MANILA - Japanese electronic parts maker Ibiden said Friday it might "reconsider" up to $70 million in fresh investments in the Philippines, should their tax incentives be removed under the second wave of reforms.
The Semiconductor & Electronics Industries in the Philippines Foundation Inc. (SEIPI), the largest organization of foreign and Filipino electronics companies in the Philippines, is also closely watching US President Donald Trump's trade policies, which could "prevent" the sector from reaching its 6-percent growth goal this year, said Ibiden Philippines president and CEO Ken Koba.

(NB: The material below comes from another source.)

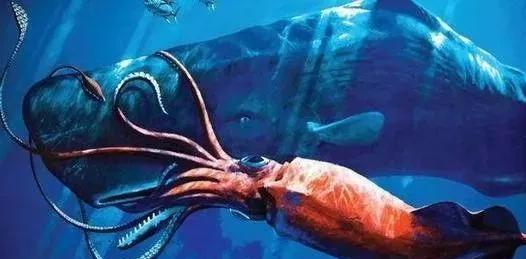 大王乌贼最大长多少米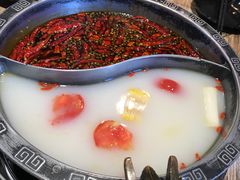 -销魂美蛙鱼头火锅(上海首店)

Koba is board trustee at SEIPI.
The US is the biggest market for electronics exports from the Philippines.
Nevertheless, Ibiden plans to hire 200 more Filipino engineers at its Sto. Tomas, Batangas plant to add to the company's current workforce of 2,200, Koba said.
"We are currently planning to invest $60 million to $70 million for the coming 3 years. Our hopes, however, if TRAIN (is) implemented and the tax incentives removed we may reconsider the investment," Koba said in an exclusive interview with ANC's The Boss.
Koba was referring to the second tranche of tax reforms, wherein the government plans to revisit incentives for companies.
The first package, which took effect this year, raised duties on fuel, cars and sugar sweetened drinks to help offset a reduction in personal income tax rates and help fund a P8-trillion infrastructure program.
Ibiden grew its business by 10 percent in 2017 and hopes for a "more than 10 percent increase" this year, Koba said.
The shift to artificial intelligence and the establishment of data centers are the new drivers of growth, he said.